__Data to process__

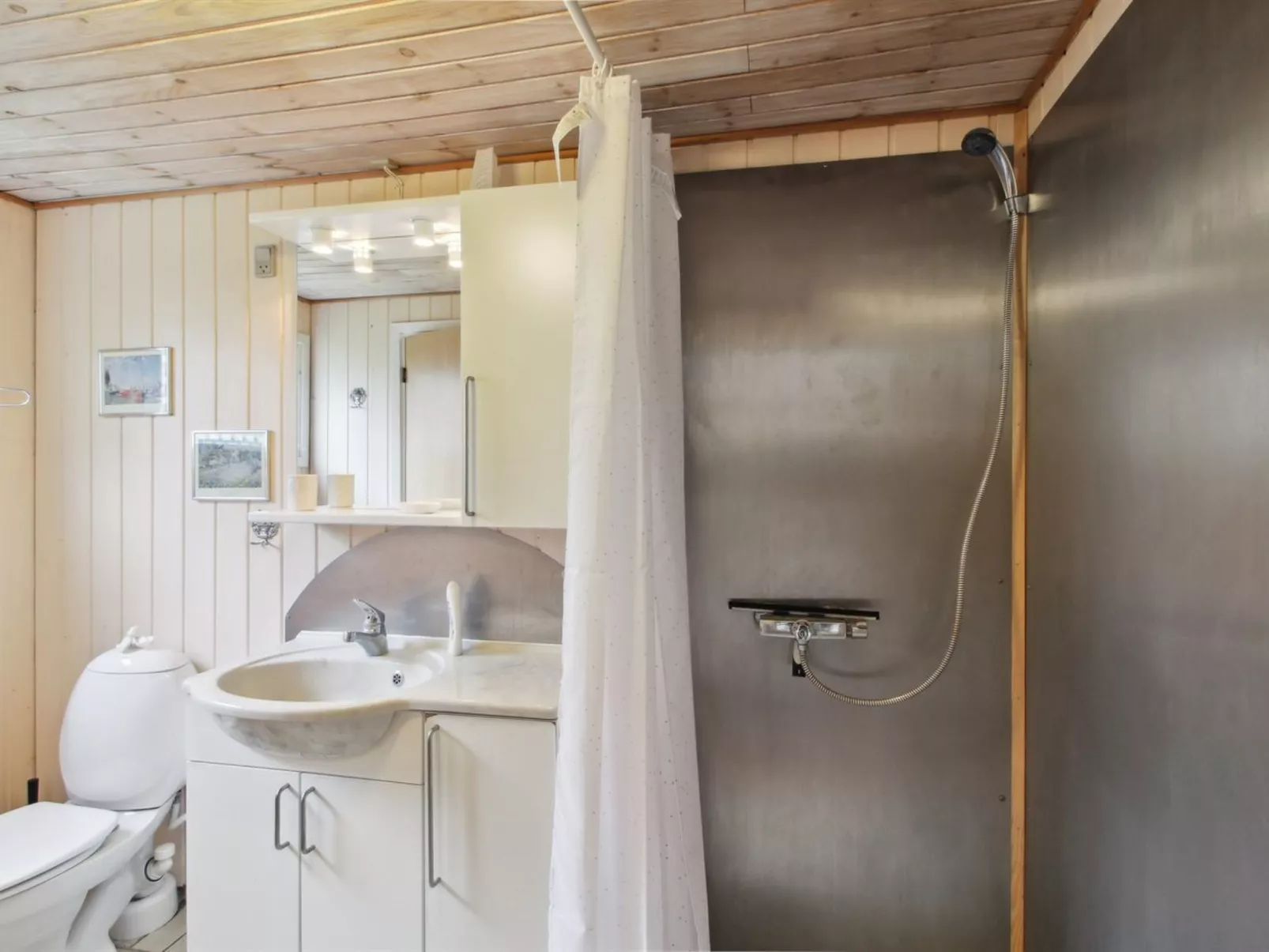 "Iris" - 300m from the sea-Binnen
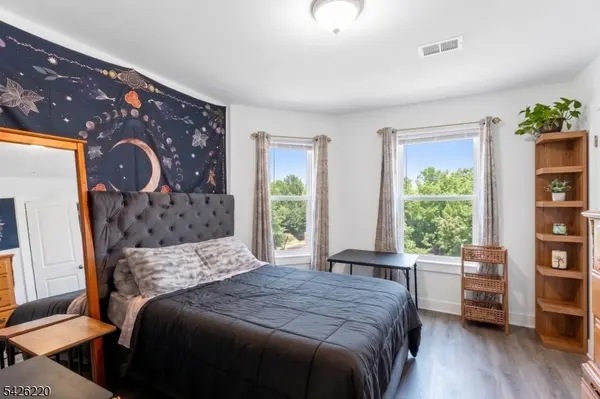 58 Park Ave, East Orange City, NJ 07017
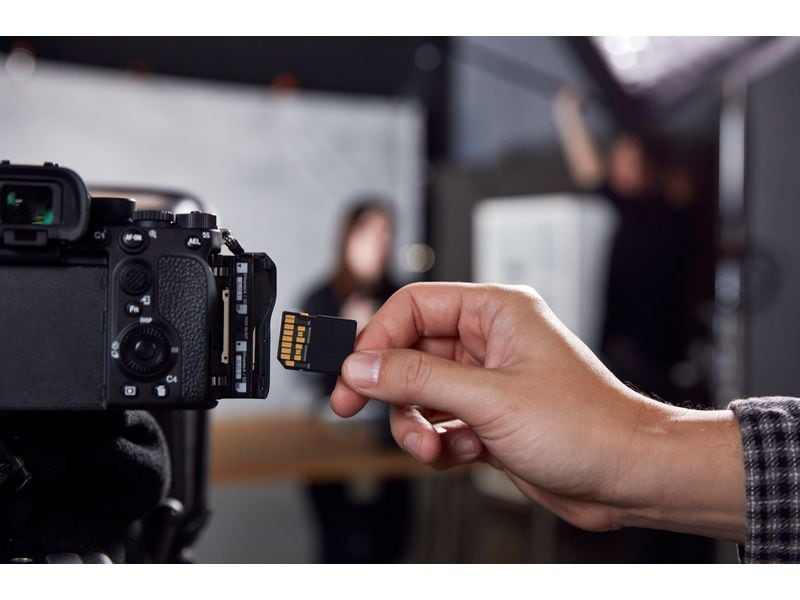 Kingston SDXC-Karte Canvas React Plus V60 256 GB V60 SD Speicherkarte für professionelle 4K-UHS-II-Kameras
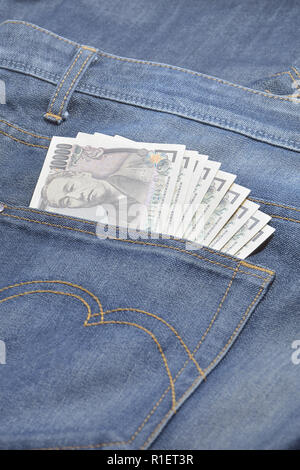 Yen japonais en jeans pocket - 10 000 yen Banque D'Images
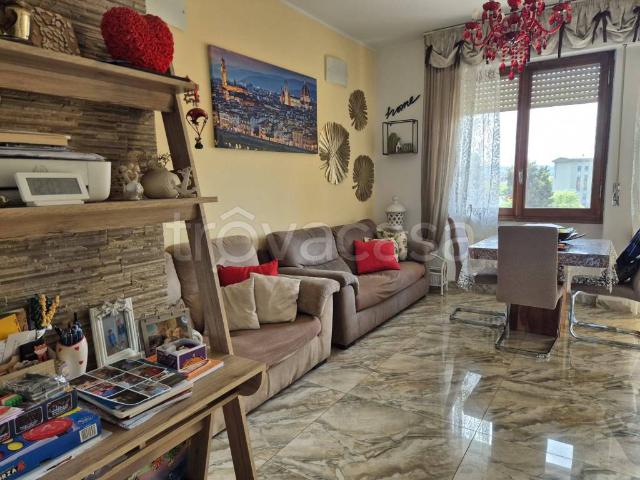 Quadrilocale in vendita a Firenze, Argingrosso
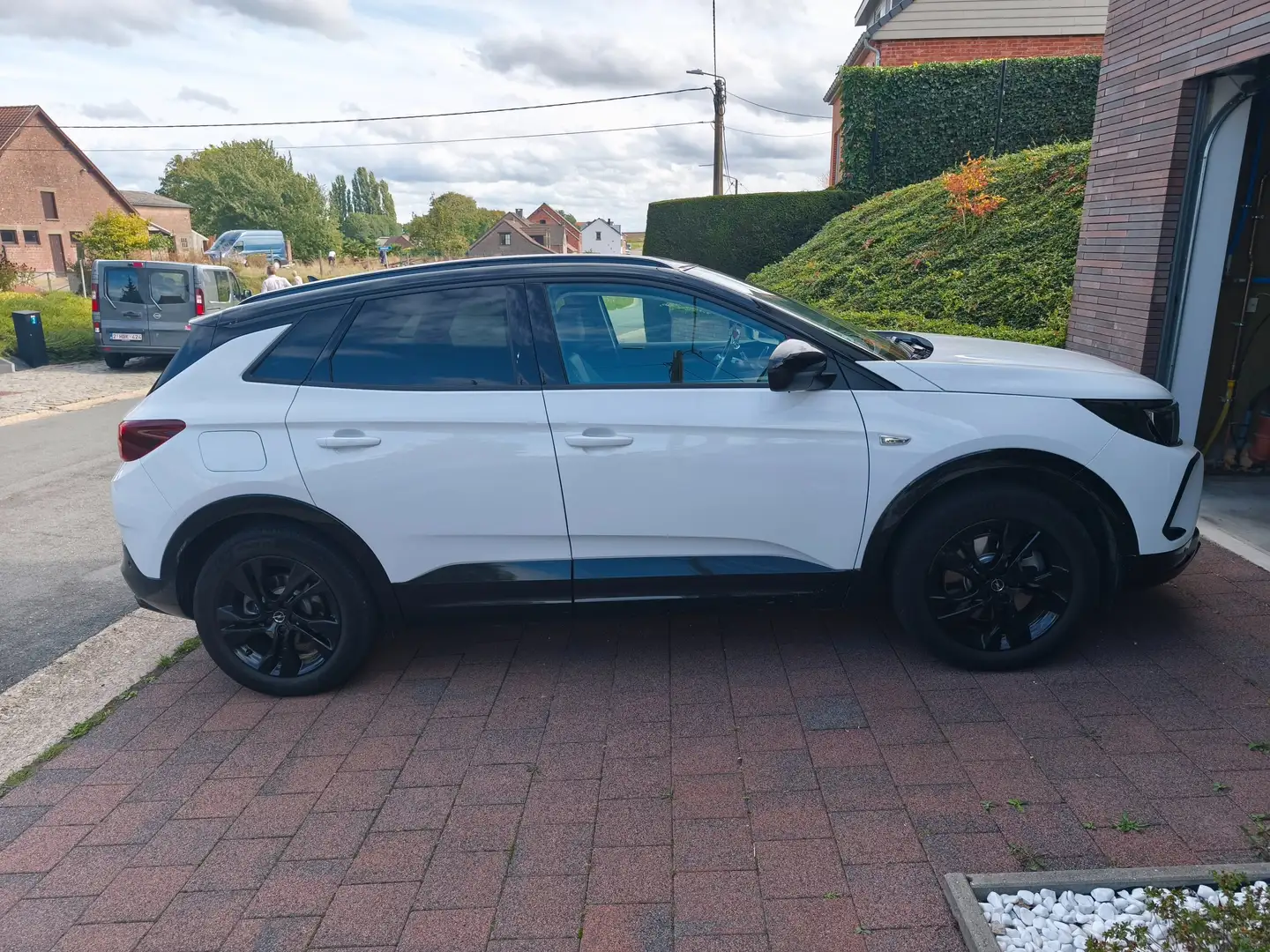 Opel Grandland X Plug-in-Hybrid - 2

__Exercise requirements__
From the first line to the last, repeat the data above exactly and leave the pictures out.

__Written response__
 "Iris" - 300m from the sea-Binnen
 58 Park Ave, East Orange City, NJ 07017
 Kingston SDXC-Karte Canvas React Plus V60 256 GB V60 SD Speicherkarte für professionelle 4K-UHS-II-Kameras
 Yen japonais en jeans pocket - 10 000 yen Banque D'Images
 Quadrilocale in vendita a Firenze, Argingrosso
 Opel Grandland X Plug-in-Hybrid - 2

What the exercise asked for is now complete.